Minister of Municipal Affairs, Recreation and Housing of British Columbia
- In office November 5, 1991 – September 15, 1993
- Premier: Michael Harcourt
- Preceded by: Graham Bruce
- Succeeded by: Darlene Marzari (Municipal Affairs) Joan Smallwood (Housing, Recreation)

Minister of Government Services of British Columbia
- In office September 15, 1993 – March 9, 1995
- Premier: Michael Harcourt
- Preceded by: Lois Boone
- Succeeded by: Art Charbonneau

Minister Responsible for Sports and Commonwealth Games of British Columbia
- In office September 15, 1993 – March 9, 1995
- Premier: Michael Harcourt
- Succeeded by: Ujjal Dosanjh

Personal details
- Born: November 12, 1947 (age 78)
- Party: NDP

= Robin Blencoe =

Canadian politician (born 1947)

Robin Kyle Blencoe (born November 12, 1947) was a politician in British Columbia, Canada. He was elected to represent the riding of Victoria in the Legislative Assembly of British Columbia in 1983 and 1986, and Victoria-Hillside in 1991. He served in the Cabinet of Mike Harcourt as Minister of Municipal Affairs, Minister of Government Services and the Minister Responsible for Sport and the Commonwealth Games. He was forced out of office due to a number of sexual harassment complaints, which resulted in Blencoe v. British Columbia (Human Rights Commission), a leading Supreme Court of Canada decision on the scope of section 7 of the Canadian Charter of Rights and Freedoms, and on the administrative law principle of natural justice.

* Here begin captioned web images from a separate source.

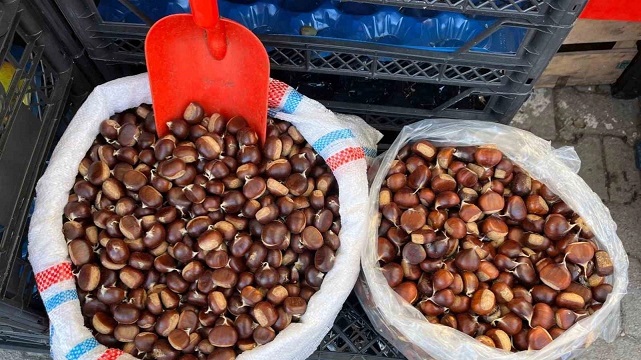 KIŞIN VAZGEÇİLMEZİ KESTANE SİZCE HANGİ GRUBA GİRER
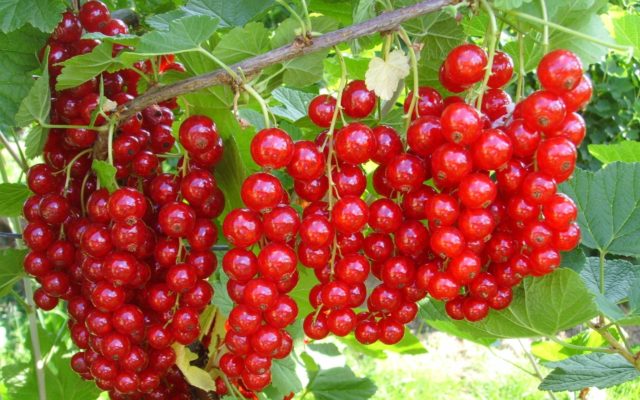 How and when to harvest currants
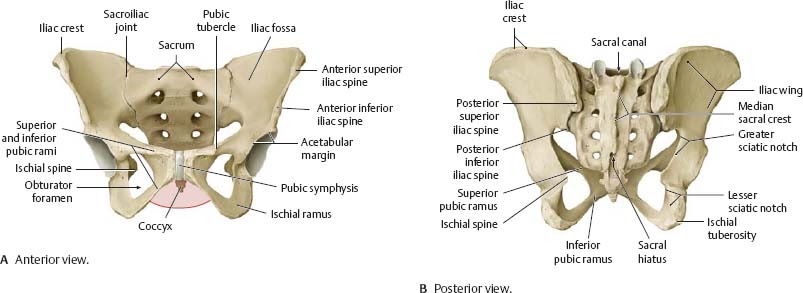 Anatomy Of Pelvic Bone / The Pelvis anatomy images. Pelvic Floor
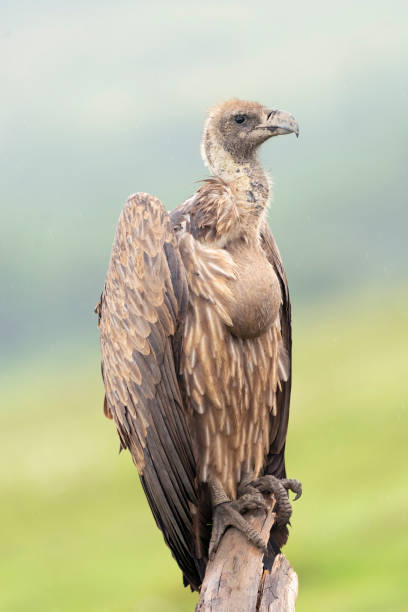istock White-backed Vulture in Rain with Distended Crop 1391461316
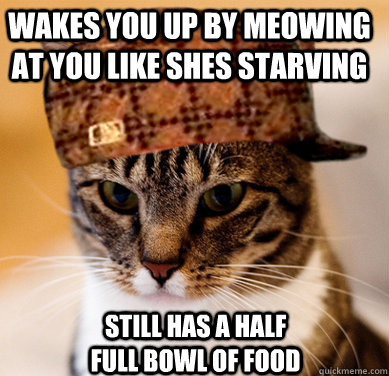 Wakes you up by meowing at you like shes starving Still has a half full bowl of food  Scumbag Cat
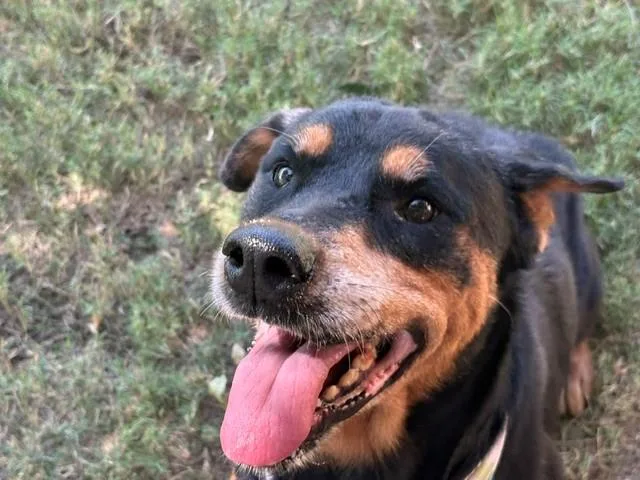 An adult large-sized female Rottweiler dog named Jozy for adoption in Tulsa, OK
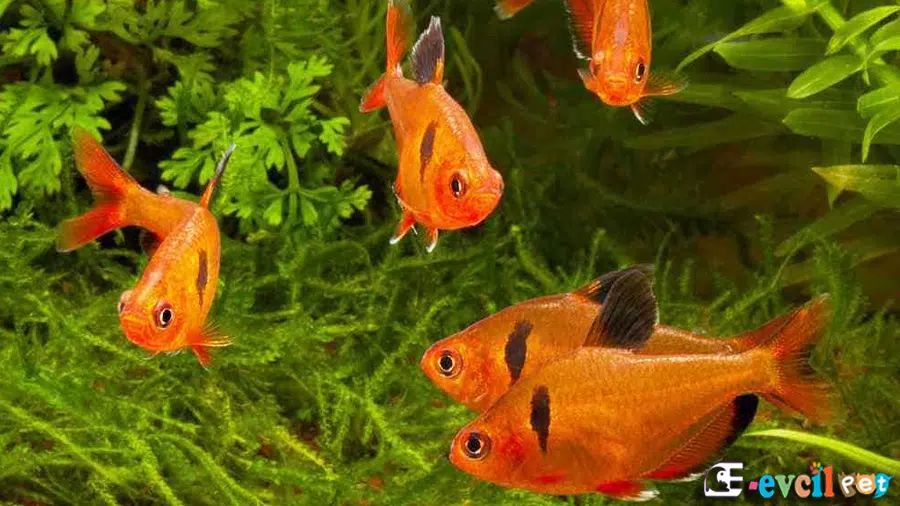 Serpae Tetra (Mücevher Tetra) Bitkili Akvaryumu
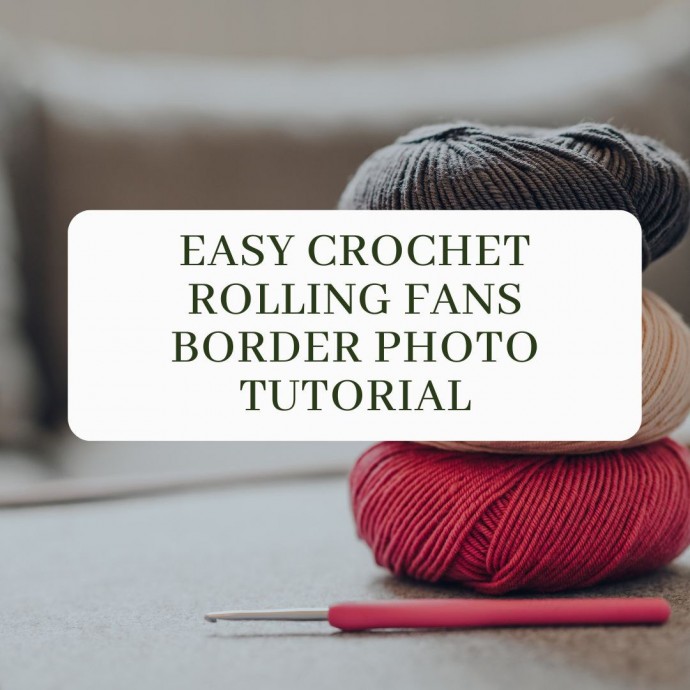 Easy Crochet Rolling Fans Border Photo Tutorial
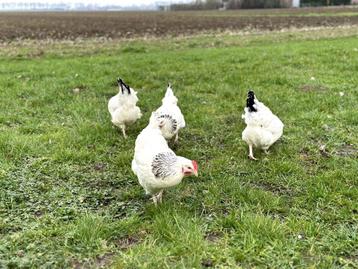 Sussex baby kuikens hennetjes, gesekst en ingeënt beschikbaar voor biedingen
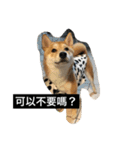 Whisky Shiba（個別スタンプ：33）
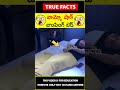 china amazing technologies explained factsintelugu 😲టెక్నాలజీ😲 amazingfacts truefacts shorts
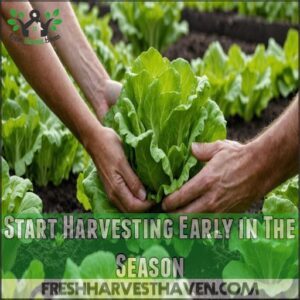 Start Harvesting Early in The Season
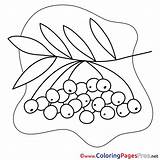 Colouring Rowan Printable Kids Coloring Pages Sheet Title sketch template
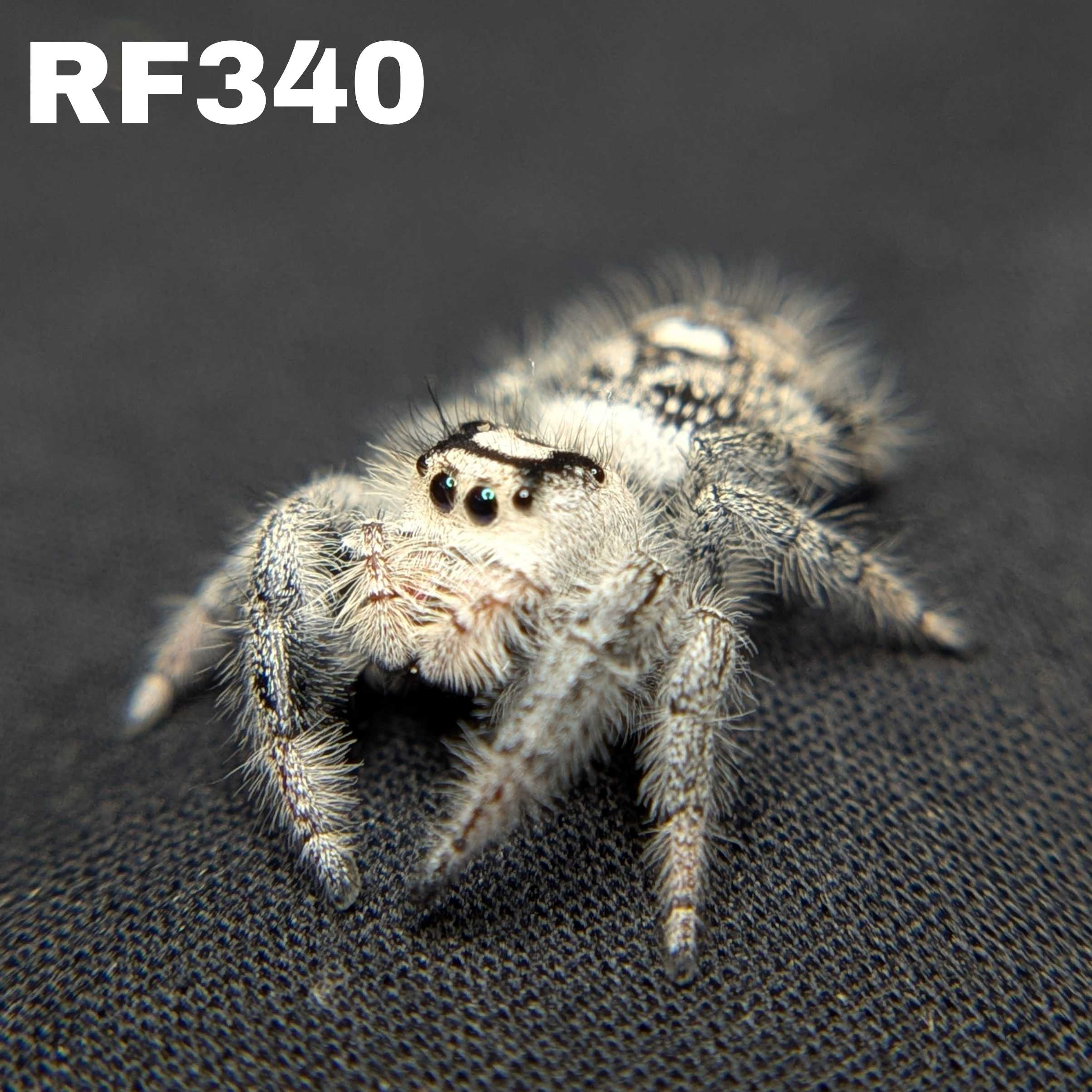 Regal Jumping Spider "Oreo"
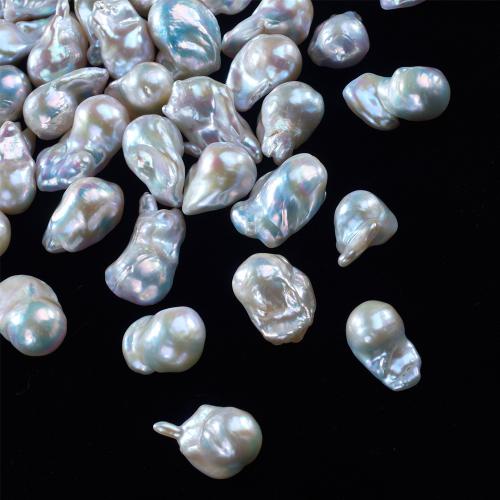 Perles nacres baroques de culture d'eau douce , perle d'eau douce cultivée, DIY, plus de couleurs à choisir, 宽14-18MM  长20-30MM, Vendu par PC[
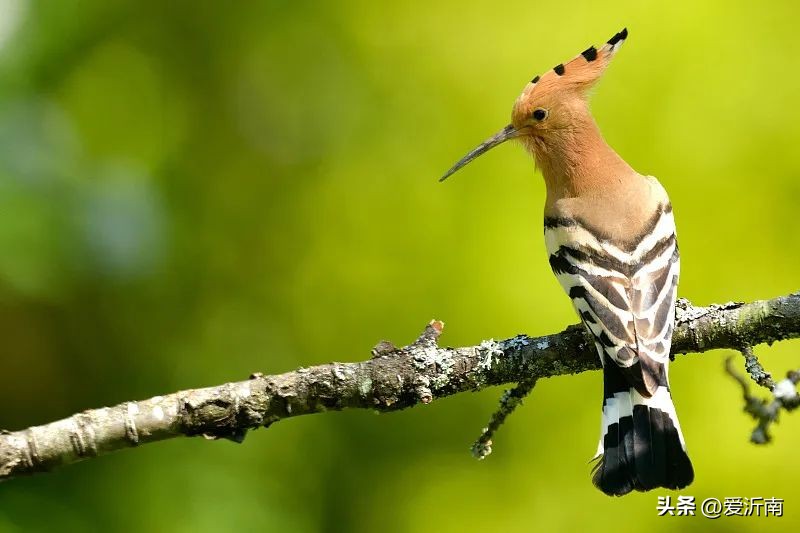 100个描写天气的词语,20个描写天气的雅称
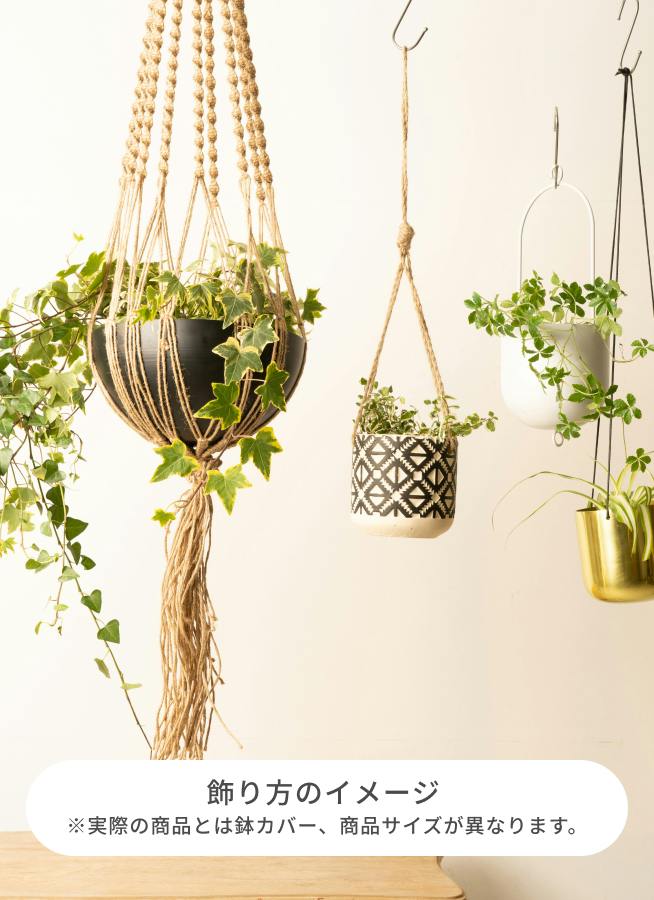 観葉植物 ヘデラ（アイビー） 4号 黄斑入り ジュート バスケット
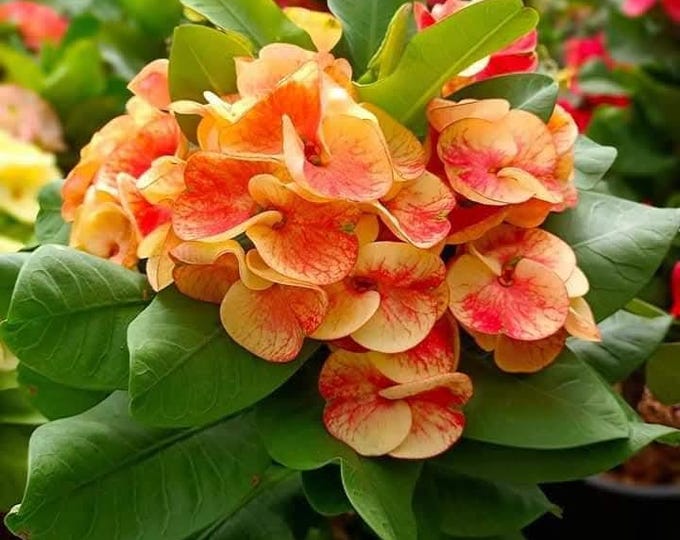 Chiang Mai Diamond Thai Hybrid Crown of Thorns / Corona de Cristo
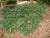 Spreading Japanese Plum Yew (cephalotaxus)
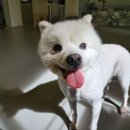 잠두유치원 이미지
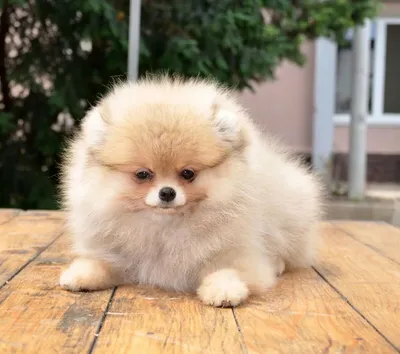 Большой немецкий шпиц (Giant German Spitz) (Породы собак) немецкий шпиц,  виды шпицев, большие шпицы, большой шпиц, немецкий шпиц цена, большой шпиц  фото, большие шпицы фото, большой немецкий шпиц, большой шпи Энциклопедия о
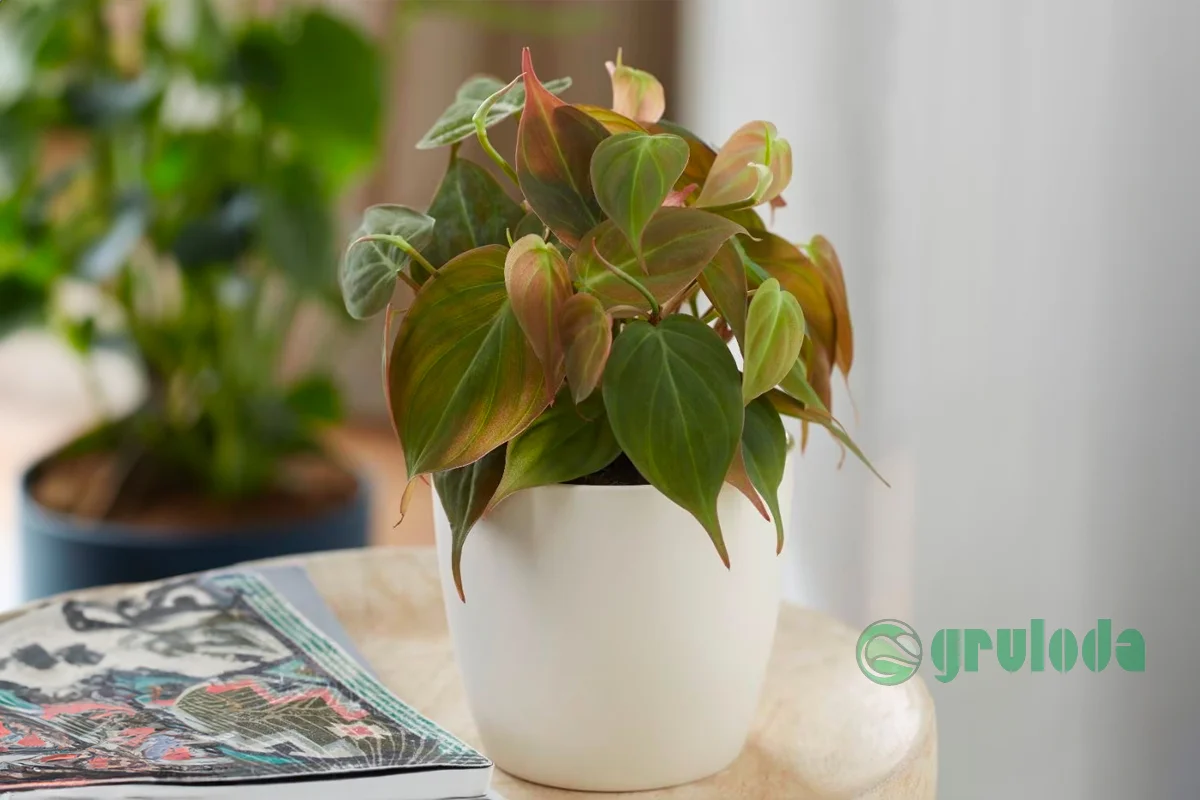 Philodendron Micans Care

Due to delays to the tribunal hearings the claims were not resolved for 30 months after the first filing in 1995. During this time Blencoe was subjected to vast media coverage that led to the end of his political career, and contributed to his and his family's social and psychological hardship. The Supreme Court of Canada rejected Blencoe's argument that the delay warranted a stay of the human rights complaint. Following this decision, the British Columbia Human Rights Tribunal issued its decision on the original sexual harassment complaint. The Tribunal found that Mr. Blencoe had engaged in conduct towards an employee which was sexual in nature and unwelcome, and that this conduct had a negative work-related impact on the employee. The Tribunal issued a declaration that Mr. Blencoe not engage in similar activity in the future and ordered that he pay $5000 to the former employee.